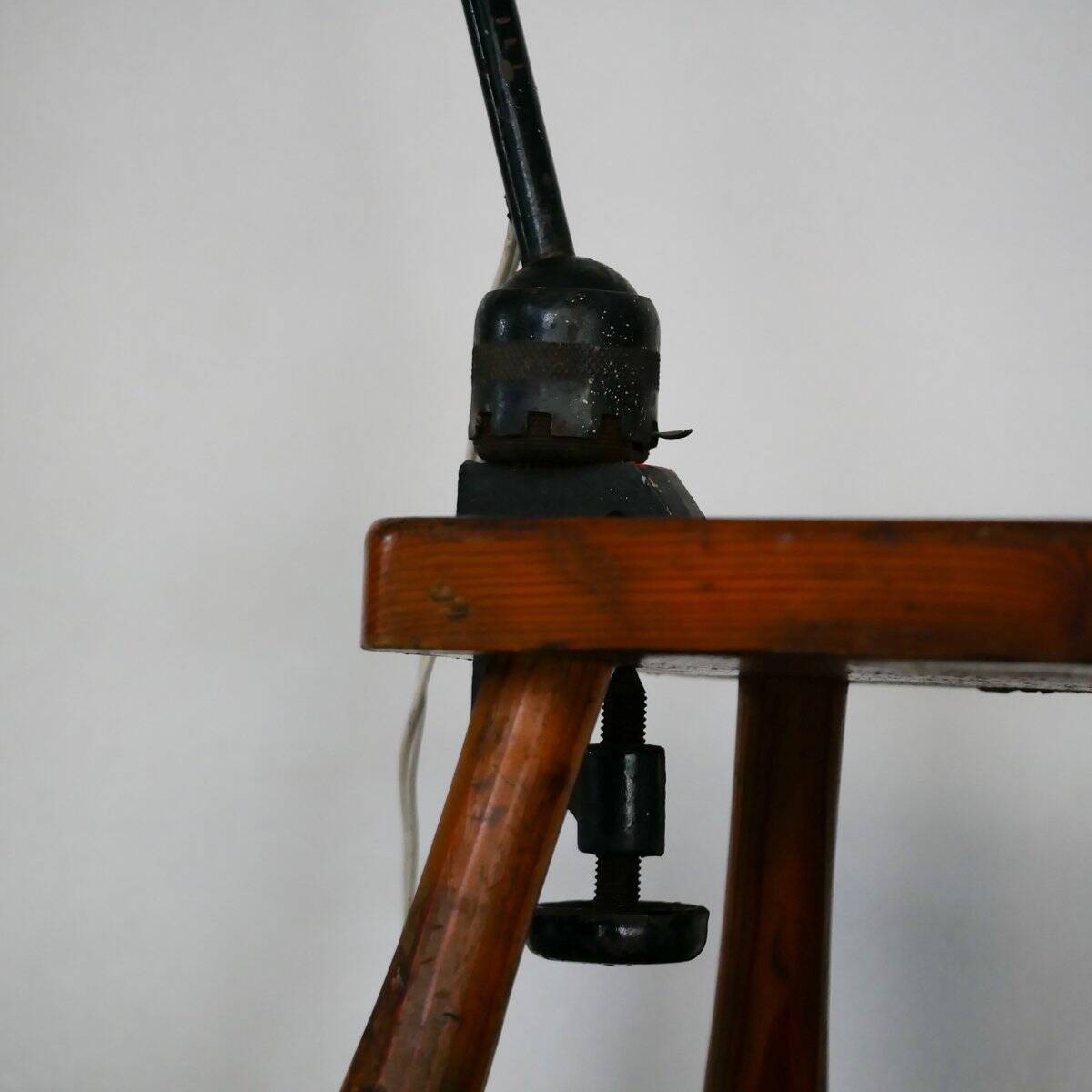 Industrial lamp no. 201 by Bernard-Albin Gras, France, 1930s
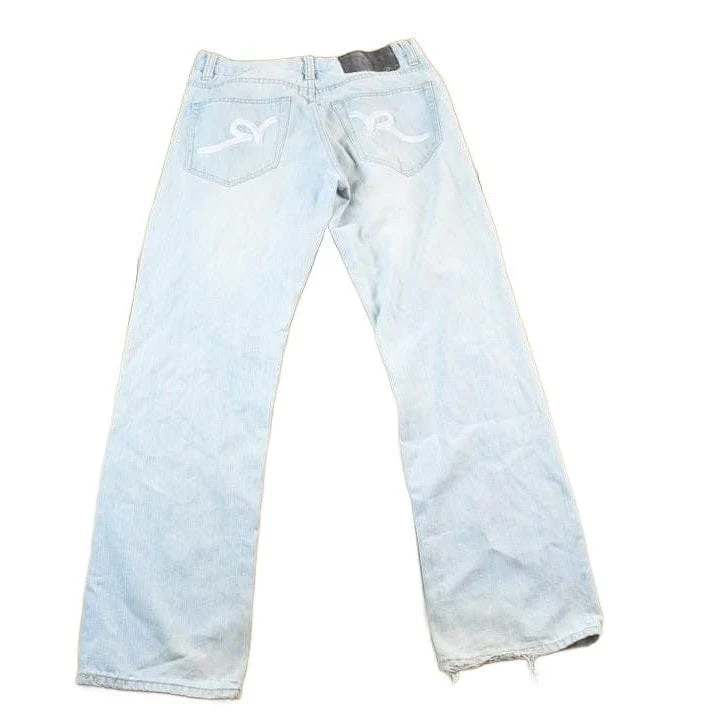 Vintage Y2K Rocawear Hip Hop Denim Jeans Men's 32 x 30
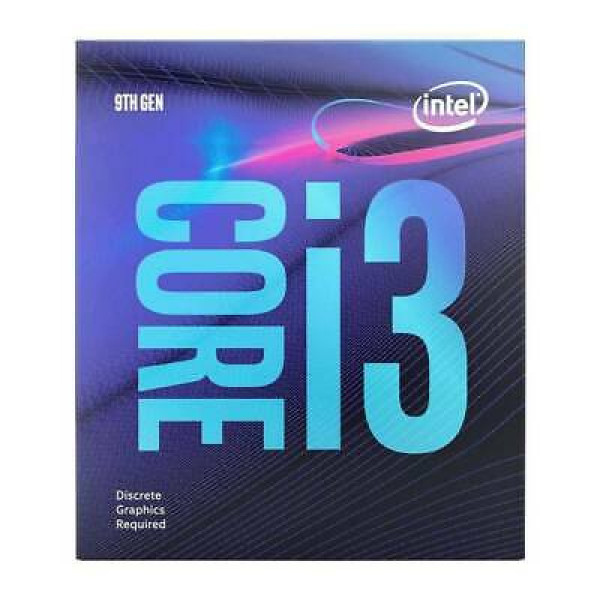 Procesador Intel Core i3-9100F Coffee Lake 3.6GHz 8.0GT / s 6MB LGA 1151 CPU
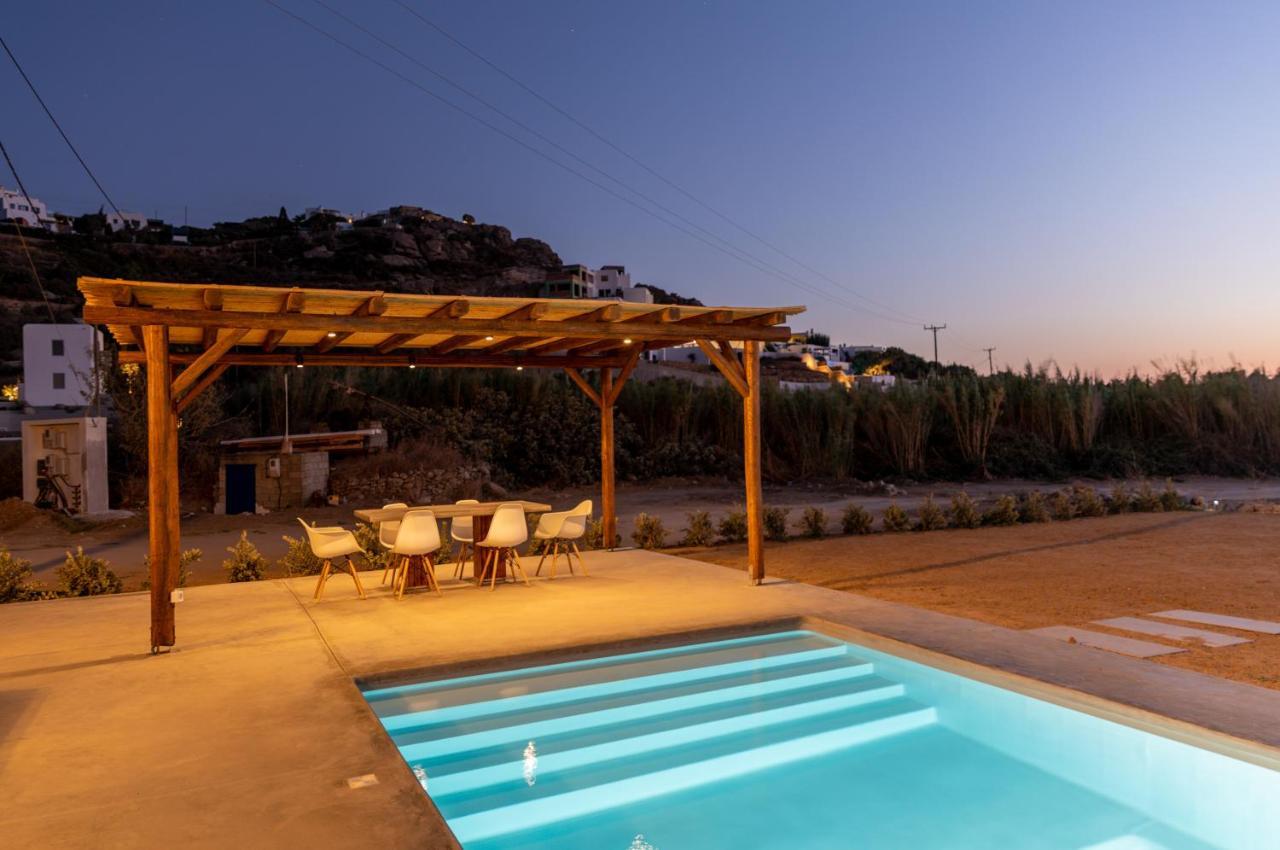 Bamboo Villa Naxos ミクリ・ヴィグラ エクステリア 写真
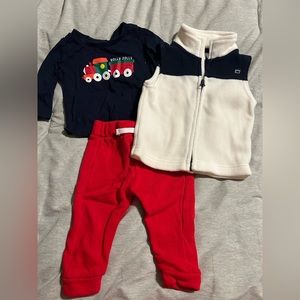 Crown & Ivy vest set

::::::::

Copy the records exactly. Skip the images.

RESPONSE TO THIS EXERCISE:
 Industrial lamp no. 201 by Bernard-Albin Gras, France, 1930s
 Vintage Y2K Rocawear Hip Hop Denim Jeans Men's 32 x 30
 Procesador Intel Core i3-9100F Coffee Lake 3.6GHz 8.0GT / s 6MB LGA 1151 CPU
 Bamboo Villa Naxos ミクリ・ヴィグラ エクステリア 写真
 Crown & Ivy vest set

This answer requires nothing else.